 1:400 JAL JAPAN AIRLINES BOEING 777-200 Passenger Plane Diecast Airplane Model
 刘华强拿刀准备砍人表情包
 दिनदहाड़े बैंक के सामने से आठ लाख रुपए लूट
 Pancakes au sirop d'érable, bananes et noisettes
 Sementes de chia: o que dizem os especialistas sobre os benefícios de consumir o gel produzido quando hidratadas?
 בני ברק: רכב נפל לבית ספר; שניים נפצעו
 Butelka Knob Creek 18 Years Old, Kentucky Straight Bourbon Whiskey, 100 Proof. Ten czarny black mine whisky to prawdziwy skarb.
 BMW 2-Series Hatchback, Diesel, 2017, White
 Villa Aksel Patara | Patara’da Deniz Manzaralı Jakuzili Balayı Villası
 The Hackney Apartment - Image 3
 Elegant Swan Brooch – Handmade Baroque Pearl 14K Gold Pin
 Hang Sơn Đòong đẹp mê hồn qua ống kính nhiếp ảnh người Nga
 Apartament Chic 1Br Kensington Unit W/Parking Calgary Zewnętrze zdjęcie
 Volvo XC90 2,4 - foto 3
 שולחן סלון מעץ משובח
=-=-=
- **Description of the task**: All lines from the one containing "刘华强拿刀准备砍人表情包" to the last line of the material above must be copied exactly, and only those.

- **Your solution**:
 刘华强拿刀准备砍人表情包
 दिनदहाड़े बैंक के सामने से आठ लाख रुपए लूट
 Pancakes au sirop d'érable, bananes et noisettes
 Sementes de chia: o que dizem os especialistas sobre os benefícios de consumir o gel produzido quando hidratadas?
 בני ברק: רכב נפל לבית ספר; שניים נפצעו
 Butelka Knob Creek 18 Years Old, Kentucky Straight Bourbon Whiskey, 100 Proof. Ten czarny black mine whisky to prawdziwy skarb.
 BMW 2-Series Hatchback, Diesel, 2017, White
 Villa Aksel Patara | Patara’da Deniz Manzaralı Jakuzili Balayı Villası
 The Hackney Apartment - Image 3
 Elegant Swan Brooch – Handmade Baroque Pearl 14K Gold Pin
 Hang Sơn Đòong đẹp mê hồn qua ống kính nhiếp ảnh người Nga
 Apartament Chic 1Br Kensington Unit W/Parking Calgary Zewnętrze zdjęcie
 Volvo XC90 2,4 - foto 3
 שולחן סלון מעץ משובח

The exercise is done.